As depicted in FIG. 4, each probe assembly consists of five sections, namely a circular opening 21, a compensation stub 22, the bended cross-over portion 11 or 12 of the respective probe, a first quarter-wavelength coaxial transformer 23 and a second quarter-wavelength coaxial transformer 24. The circular opening 21 determines the coupling of the end of stub 22 to the conducting wall. Stub 22 compensates for, i.e. cancels out, the inductance in the probe introduced by the bended portion of the probe. The angle of bend in the bended portion 11 or 12 of the probe is adjusted so as to improve isolation between the modes generated by the respective probes. To facilitate assembly, the height of the bend is limited by the inside diameter of the conductor that forms the outside boundary of coaxial transformer 23. The appropriate angle of bend can be determined by using high frequency, finite element modeling software, e.g. HFSS software, to calculate the angle of bend that produces the greatest isolation between the modes while at the same time minimizes any differences in phasing between the two probes and the propagating modes to which they are coupled. The best combination of high isolation and low phase distortion between the two probes and their propagating modes can be improved by making the length from the bended portion to the end of the probe for one probe slightly shorter than for the other probe. One could, instead, or in addition, shift the distance from the bended portion of one probe to its respective coaxial transformer by a small amount relative to that of the other probe to achieve a similar improvement. The first and section quarter-wavelength transformers, transform the probe impedance so as to match the 50 ohm impedance of the respective coaxial transmission line 7 or 8.

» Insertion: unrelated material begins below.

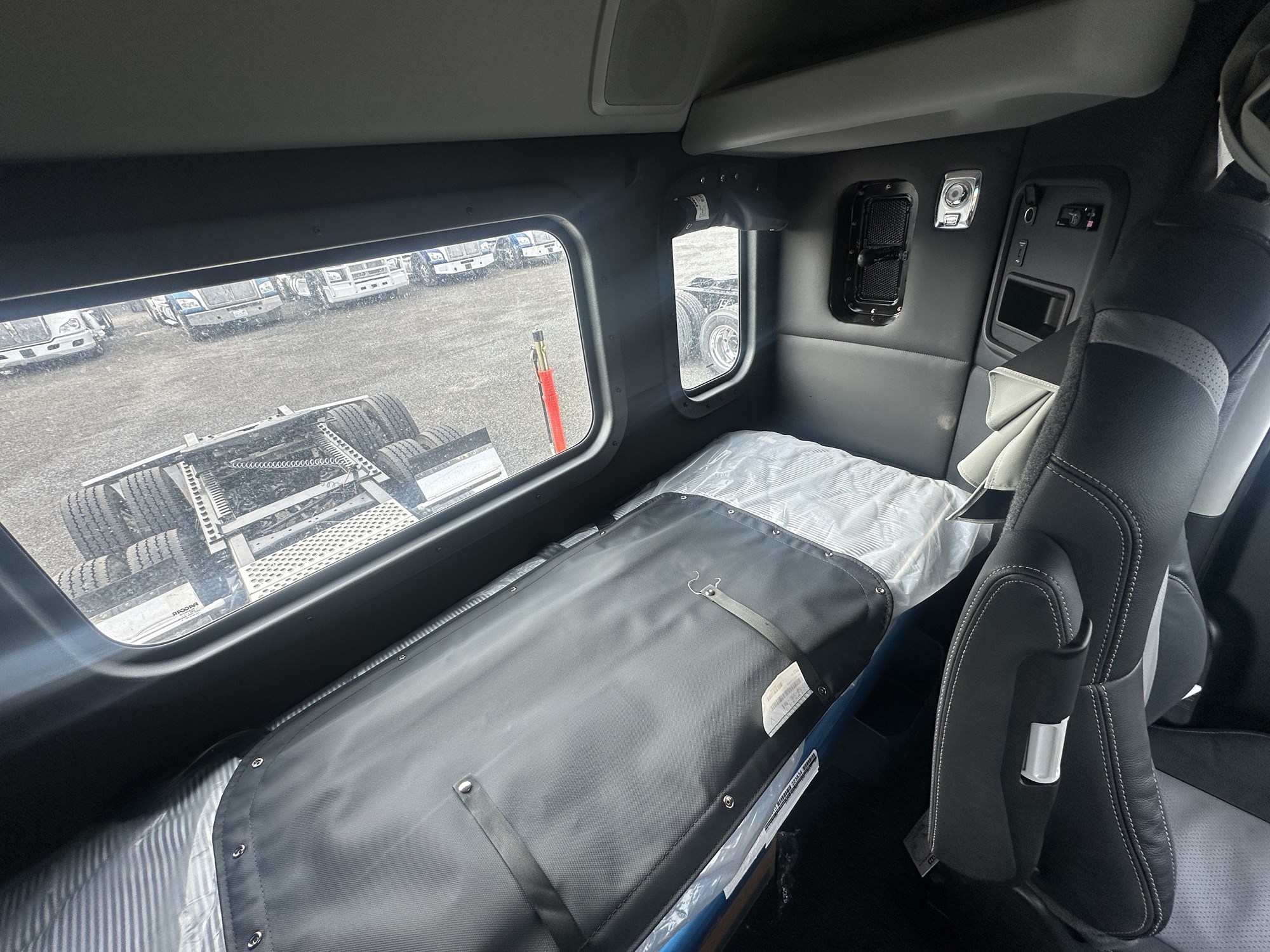 2026 Kenworth T880 2026 Kenworth T880 - image 6 of 6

Back plate 19 includes a circular hole 20, which hole further improves isolation by adding some symmetry with respect to the bended probes in that hole 20 balances, at least in part, the effect of the large hole, i.e., the opening to free space at the other end 3 of the horn section that is located on the opposite side of the probes. Again, high frequency, finite element, modeling software, e.g. HFSS Software, can be used to determine the appropriate hole dimensions. As the diameter of hole 20 is changed from small to large, the isolation between the two modes exhibits a maximum, which maximum determines the optimum size for hole 20. In the embodiment depicted in the figures, hole 20 has a diameter of 0.107 free-space wavelengths.

Open end 3 of horn section 28 includes a step 27 around the periphery of the horn opening. Step 27 alters the amount of current that flows at the horn aperture edges and helps control the beamwidth of the radiation pattern from the horn. In the embodiment depicted in FIGS. 1 thru 5, the step has a width of 0.081 free-space wavelength.

FIGS. 5 and 6 include example dimensions for one embodiment of the invention. The dimensions are given either in terms of the free space wavelength, λ_o, at the design frequency, or in terms of the guide wavelength, λ_g, i.e. the wavelength within the waveguide section of the invention at the same design frequency, where the waveguide for which the wavelength is determined includes the four ridges. It should be understood, however, that other embodiments of the invention may have dimensions and details within the embodiment that differ from those disclosed in the examples.